As I write this, we've been in Colorado for three days. As you read it, we'll have been here six days and I'll be getting ready to leave.
We spent virtually all day Friday and Saturday with our Realtor looking at property. Since we haven't sold our house yet, we have no purchase power, but if we're planning to spend the rest of our lives out here, we wanted to get a feel for the various communities. The hubster has been adamant about not wanting to be near highways or neighbors, so we're looking in the mountains. We started by looking in a town out beyond the back of beyond, where we drove through nothingness relative to civilization, but plenty of gorgeous scenery. But to find the houses our Realtor had scheduled, we had to follow a dirt road complete with cattle guards for about 12 miles. Then we wound through more mountain roads until we arrived at the house. The owners hadn't been home since before it had snowed, so we tromped up the drive, up snow-covered stairs and entered the house.
(Yes, I took a picture, but I don't think it's appropriate to show it here, since I don't have the owner's permission. Instead, I'm sharing some of the views.)
Now, if you've been following this blog, you're aware of all the Realtor hoops we've jumped through to make our house attractive to buyers. Judging from many of the homes we looked at, this is a very loosely followed guideline. When we opened the door to this house, we were inside a small multi-purpose room. A very cluttered multi-purpose room. But what took us more than aback were the hunting trophies all over the walls, on shelves, everywhere. Elk, deer, a turkey and more game parts than I'd ever seen outside a natural history museum display.
We found other houses where dirty dishes filled the sink, where dirty clothes layered the floors, where all the things we were told to get out of sight abounded. Our Realtor had scheduled these appointments, so it's not like the sellers were caught by surprise.
Our search reminded me that before we left, I'd been drafting a query letter for my mystery, and that there were many similarities between a good query and a good house showing.
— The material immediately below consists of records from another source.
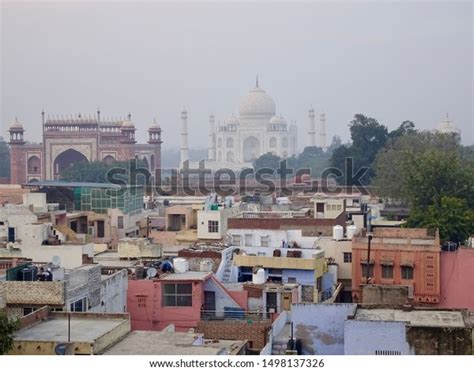 View On Taj Mahal Roof Top Stock Photo 1498137326 Shutterstock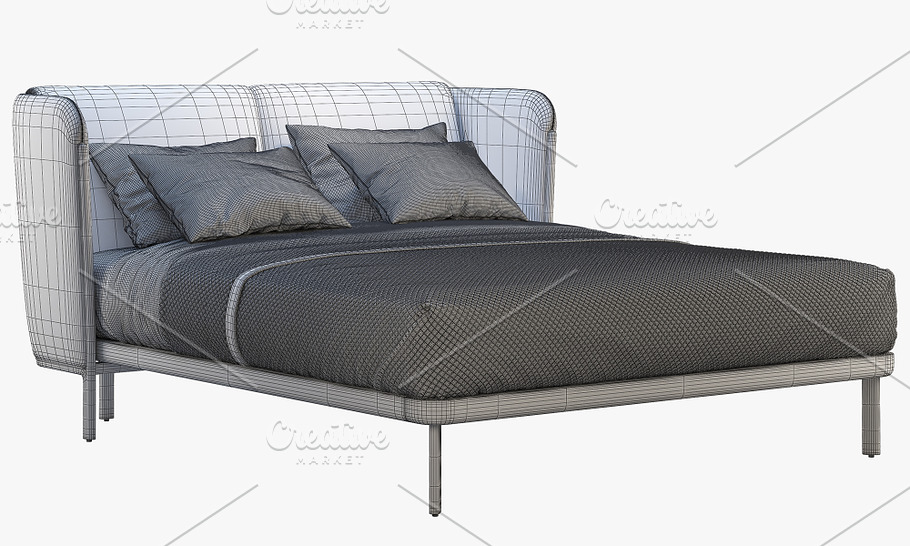 Low Dubois Bed (2 options) 3d model in Furniture - product preview 21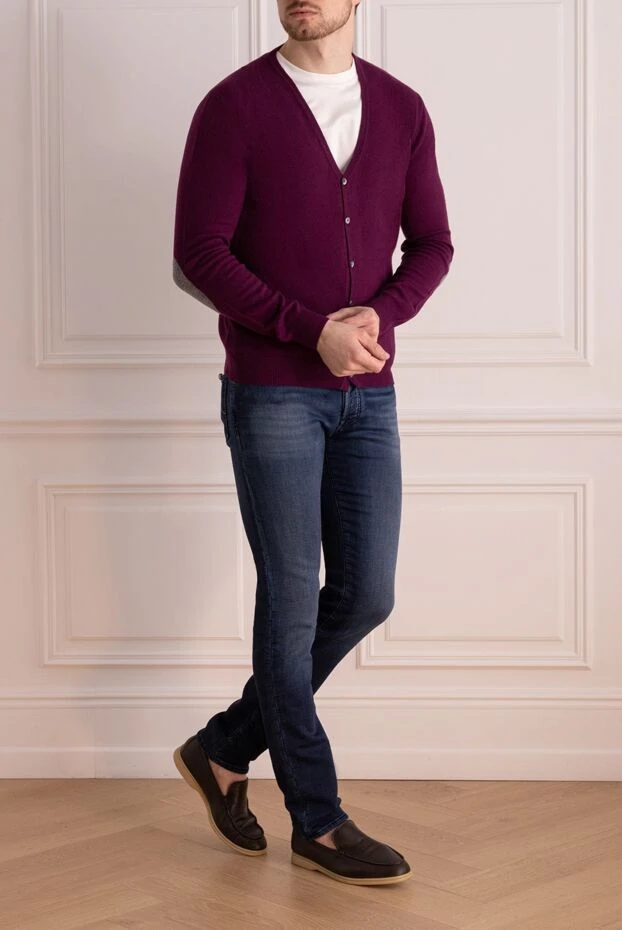 Panicale man men's cardigan made of wool and cashmere, burgundy 130206 - photo 2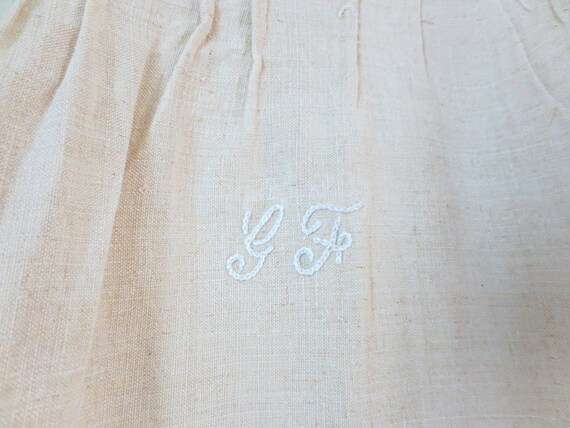 French Linen  Nightshirt Gown, Antique Night Shir… - image 3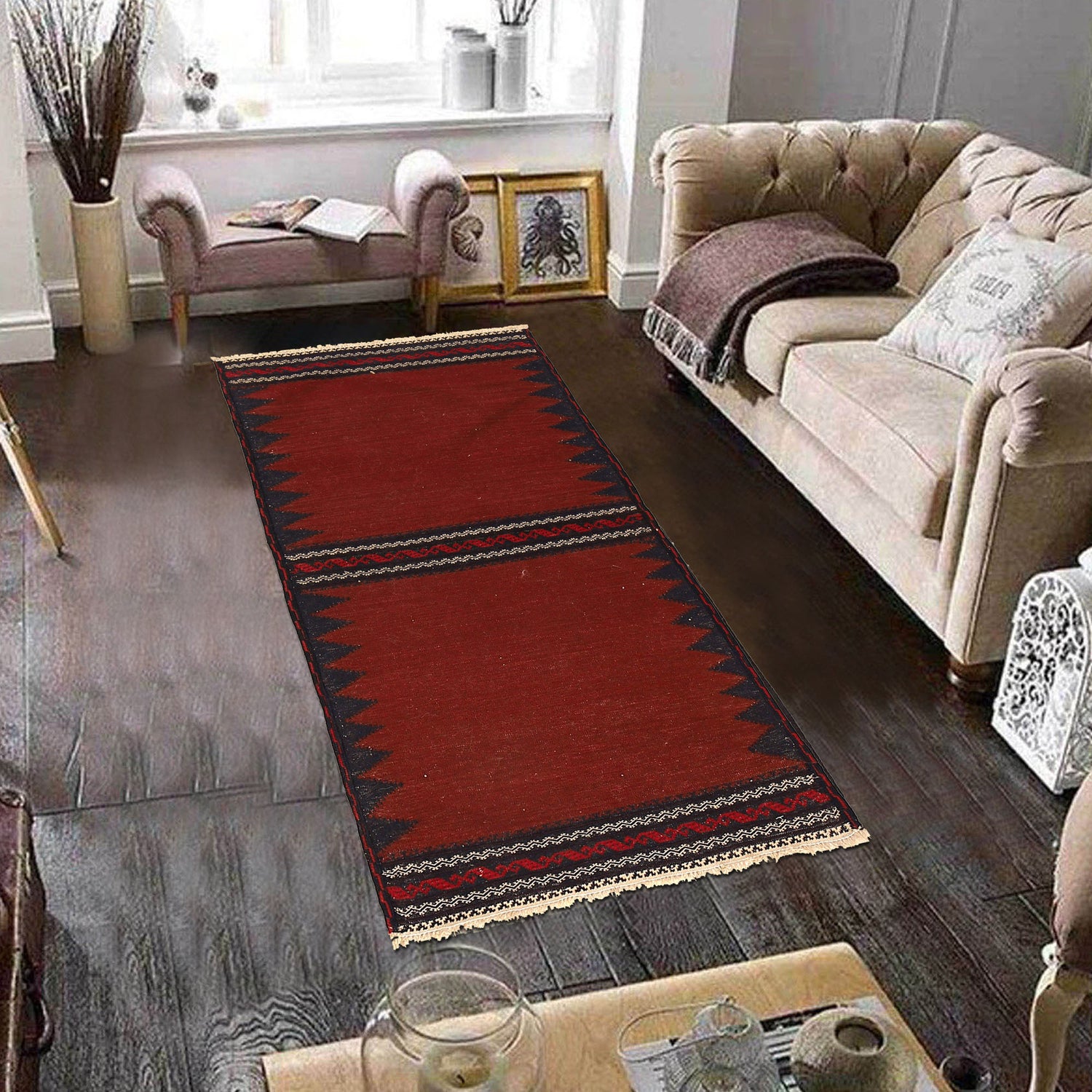 Hand Knotted Sufra Kilem Runner 2' 5" x 4' 7" ft / 73 x 140 cm - No. B21297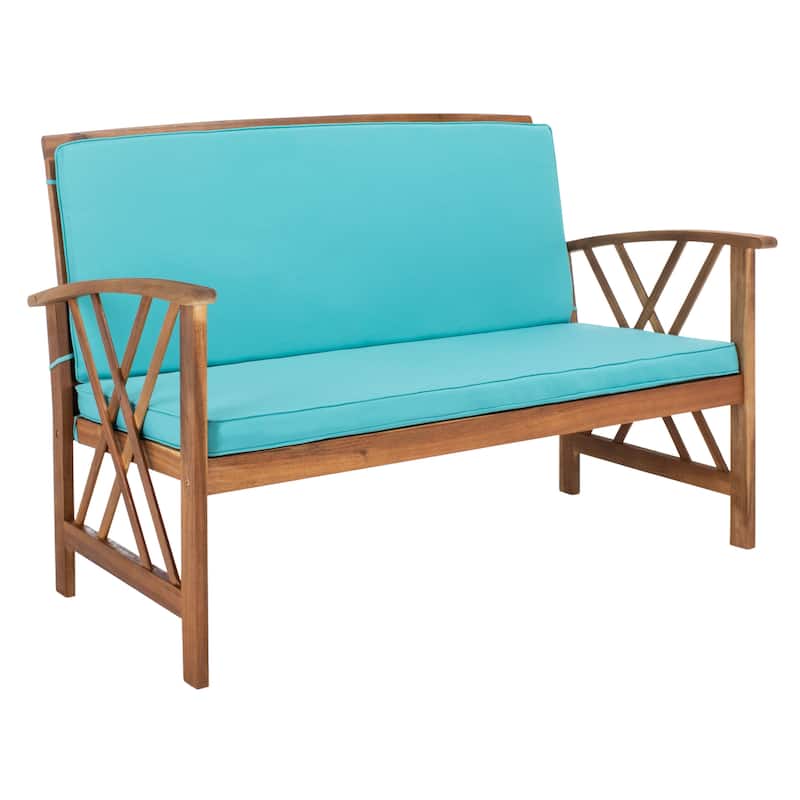 SAFAVIEH Outdoor Fontana 4-piece Acacia Wood Patio Conversation Set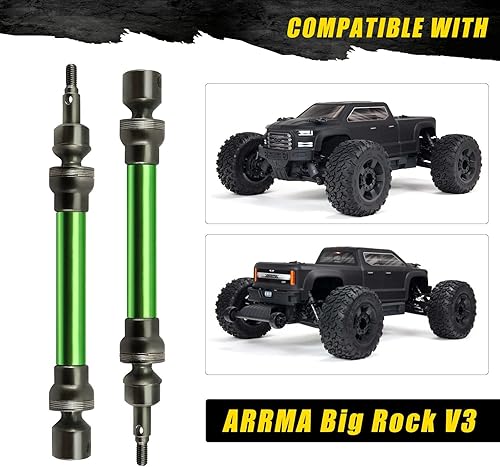Miniatura 3 de RCAWD Juego de eje de transmisión delantero y trasero 4X deslizante para 110 Arrma 3s Blx New Big Rock Monster Truck (verde)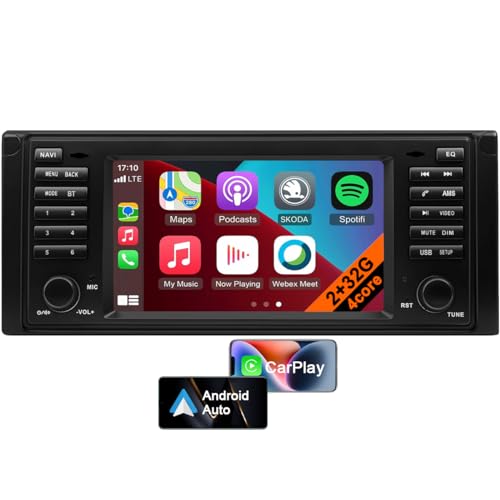 Android 13 Autoradio mit Bluetooth GPS-Navigation, 7 Zoll Touchscreen Multimedia-Player für BMW 5 Serie E53, mit CarPlay, Android Auto, unterstützt Bluetooth, FM, DAB+ Radio (4core 2GB+32GB) von CHARGONIC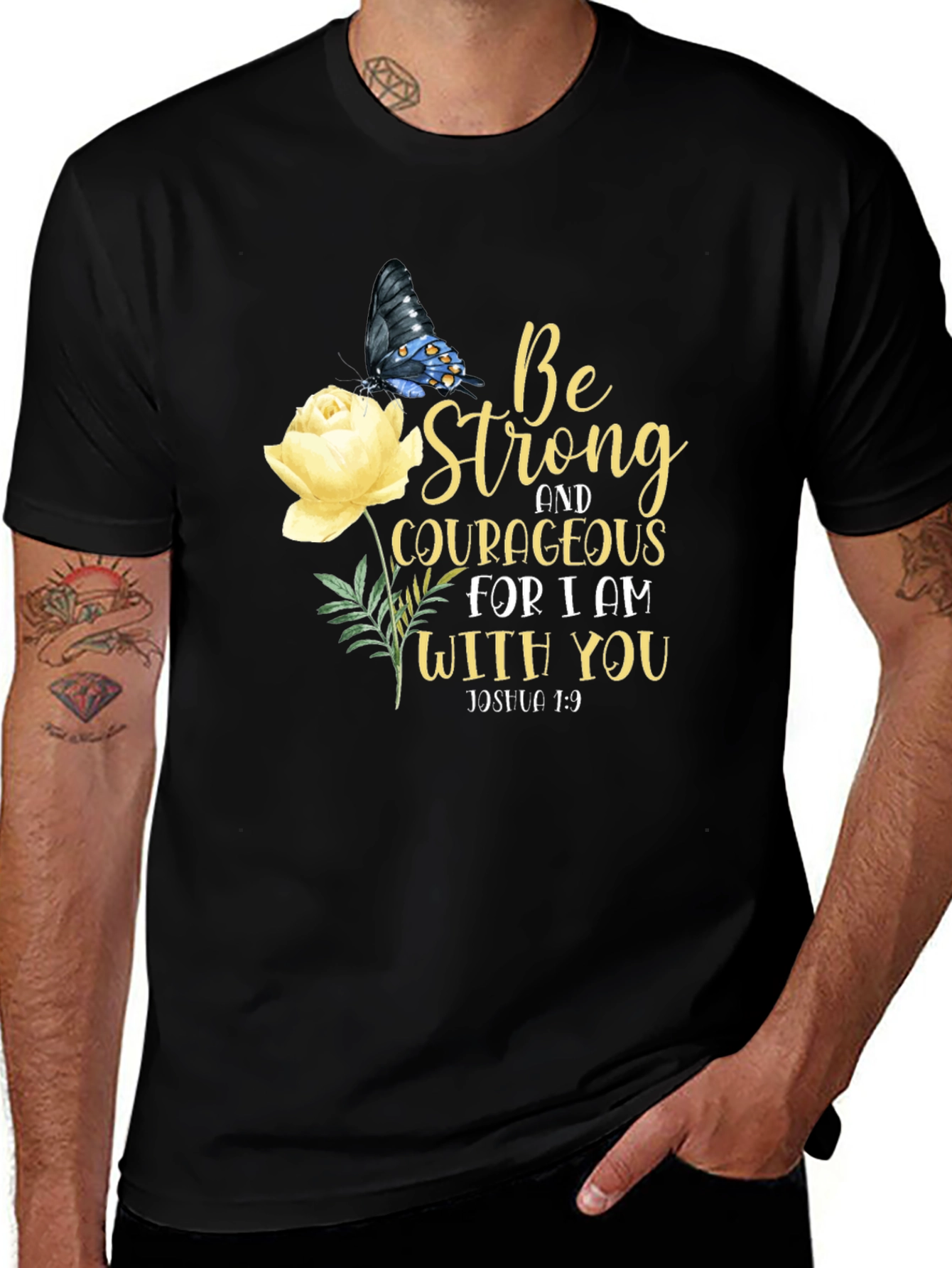 Be Strong Christian T-Shirt Inspirational Floral Tee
While it's true that a dedicated buyer might be able to see past the disaster areas, one has to wonder how badly these people want to sell their homes. It reminds me of those writers who refuse to follow guidelines when they send out query letters. That's their first impression for an agent, yet they don't bother to clean up and make it sparkle. Yes, it's possible there's a brilliant manuscript behind the query, but most agents will do the equivalent of closing the door, drawing a line through the home, and say, "What's next?" The attitude that an agent will overlook a sloppy query is no different than the attitude that a buyer will overlook a sloppy house. Why increase the odds of rejection?
Then there were those who followed the 'staging' rules. We entered to soft music, to the scents of spice, to brightly lit spaces. We spent more time examining those homes, even when we both felt it would be highly unlikely we would live there, either because of price or a layout that wouldn't work for us, or any number of other features. But we came in looking for reasons to like the house, not reasons to leave.
Then there was the down side. The house we loved, but because we have to sell ours first, the odds are slim that it will still be on the market. Agents often love a manuscript, but know they won't be able to sell it for a variety of reasons, none of which have anything to do with the quality of the writing.